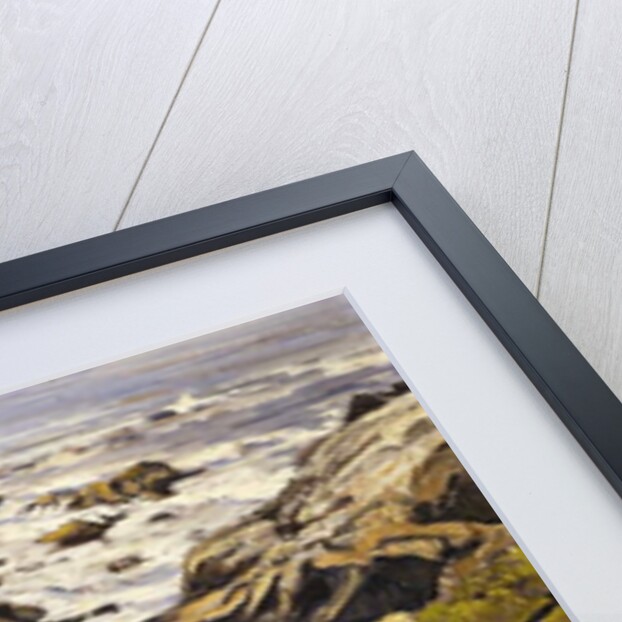 Rocky Coast by Walter Elmer Schofield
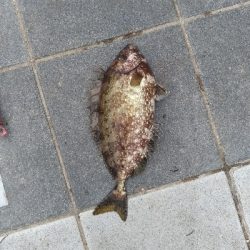 7/24釣果チヌバリムツツバス小サバ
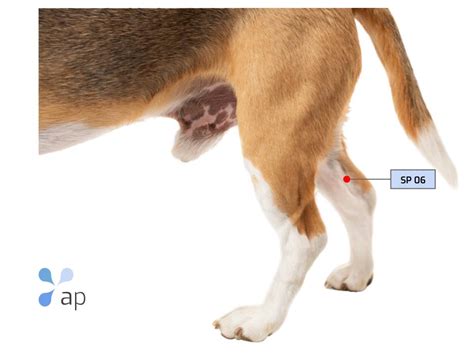 Acupuncture Points in Dogs - Spleen Meridian - Atlantic Points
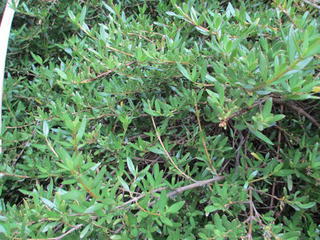 Coprosma Kirkii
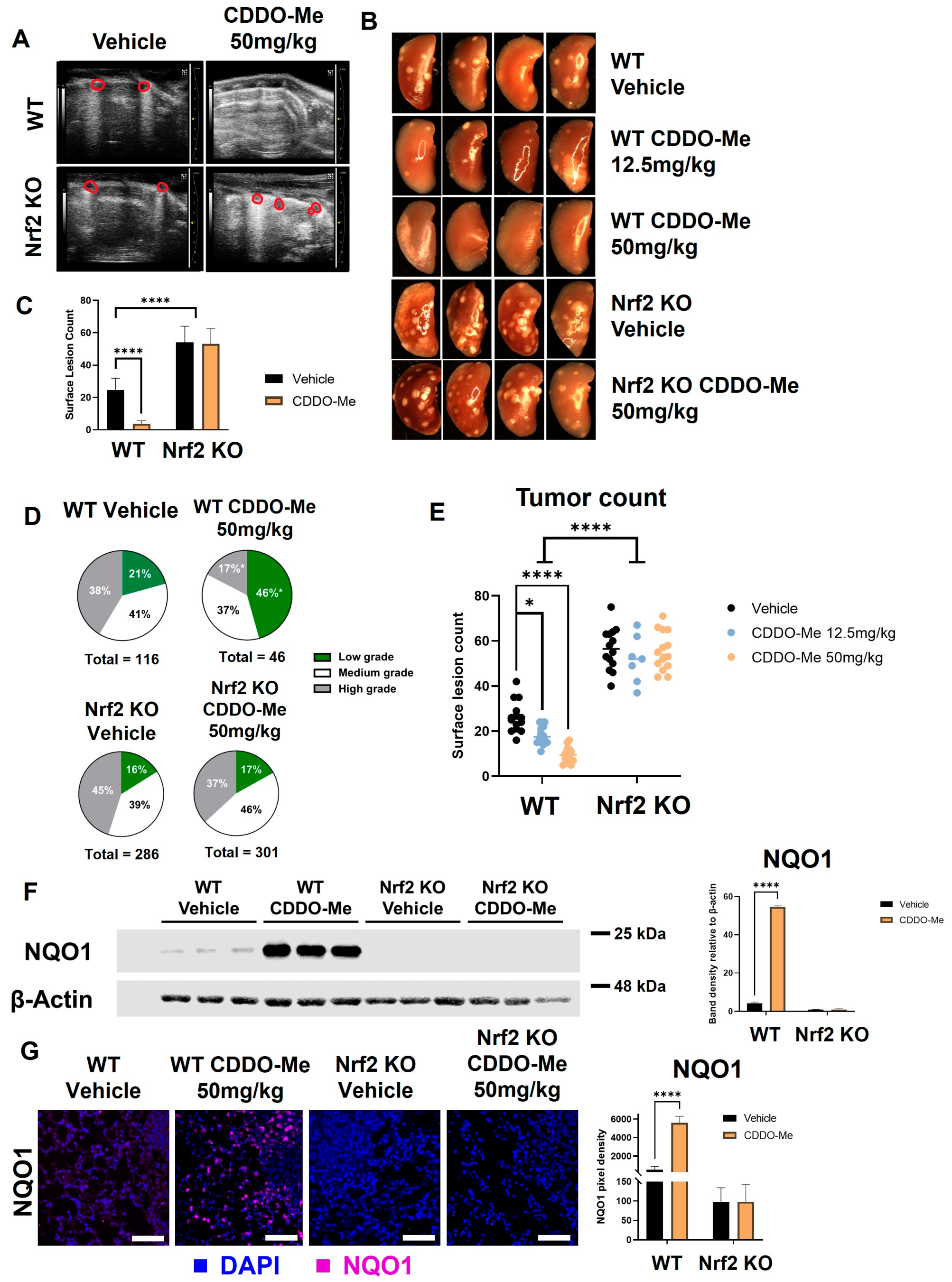 Antioxidants 12 00116 g004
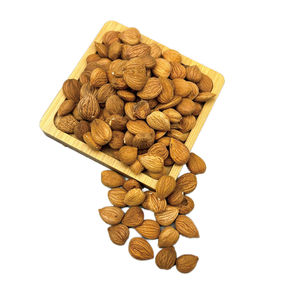 Nueces de albaricoque amargo secas con sabor natural de alta calidad buen precio al por mayor - Product Image 1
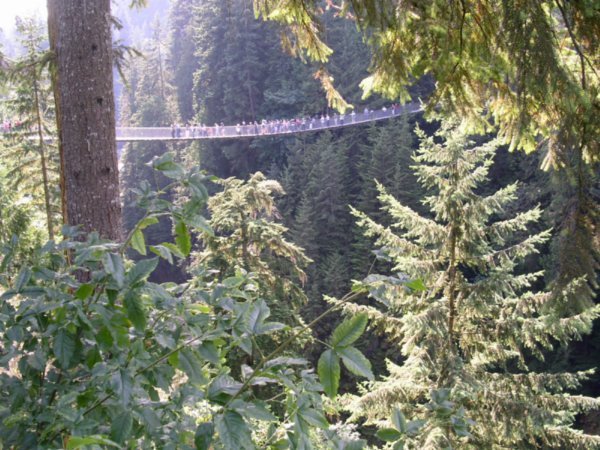 Capalio Bridge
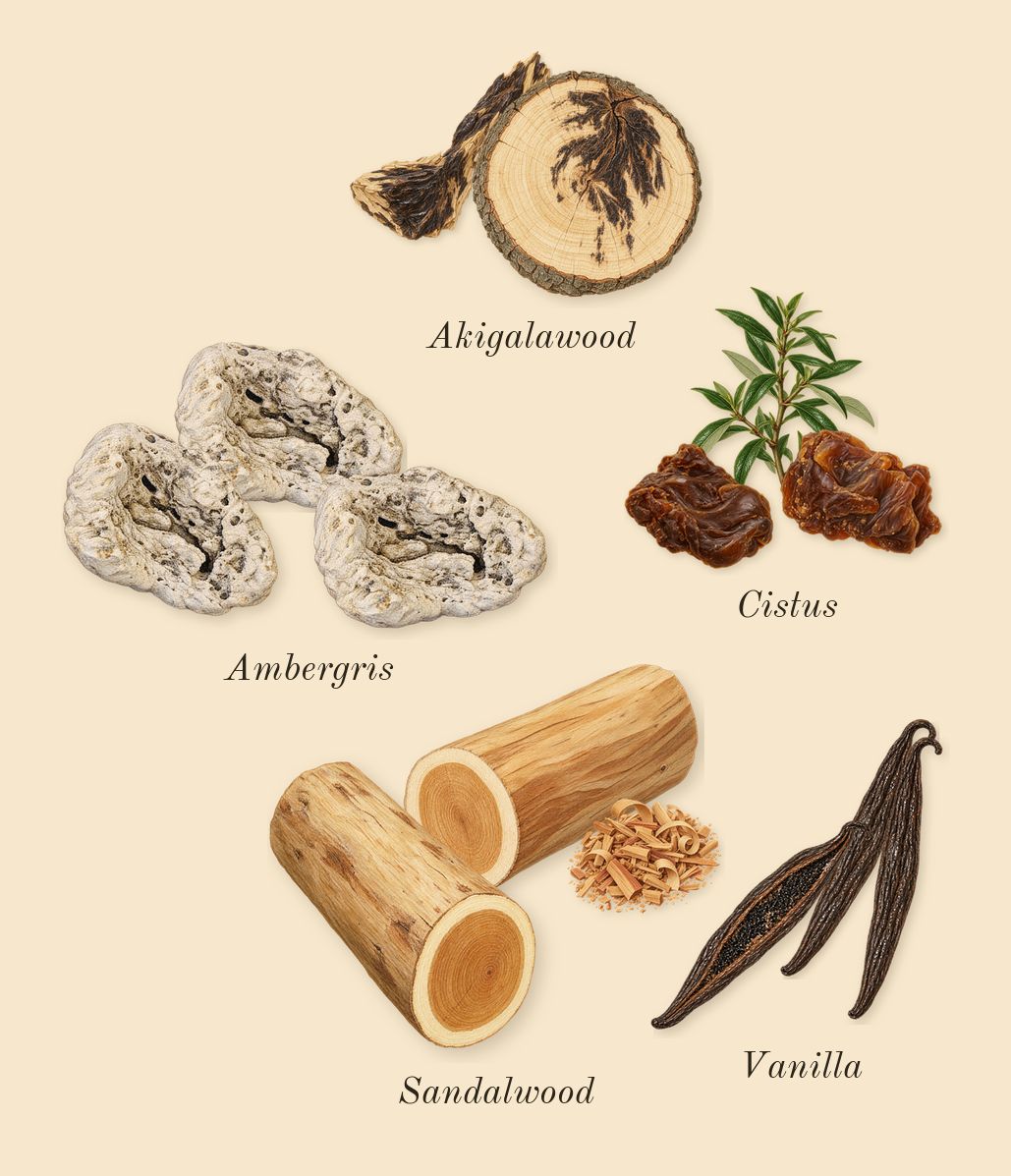 Guidance, dry-down: Cistus, Sandalwood, Akigalawood, Ambergris, Vanilla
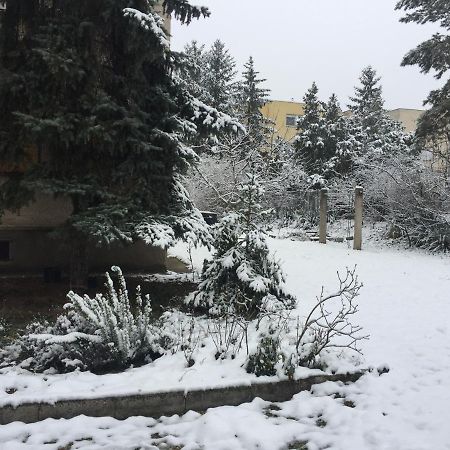 Next To University Debrecen Exterior photo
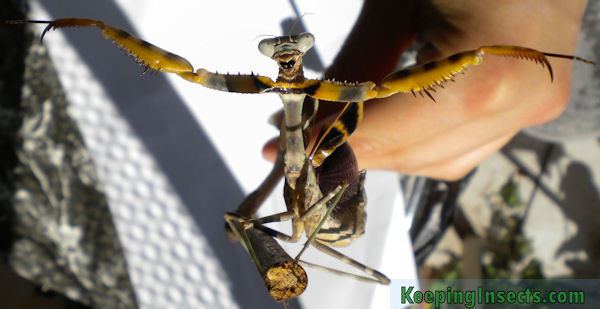 Parasphendale affinis Budwing Mantis Parasphendale affinis Keeping Insects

····················

Please copy exactly the lines from the one containing "Next To University Debrecen Exterior photo" through the last line of the records above, both included, and leave out any pictures.

 Next To University Debrecen Exterior photo
 Parasphendale affinis Budwing Mantis Parasphendale affinis Keeping Insects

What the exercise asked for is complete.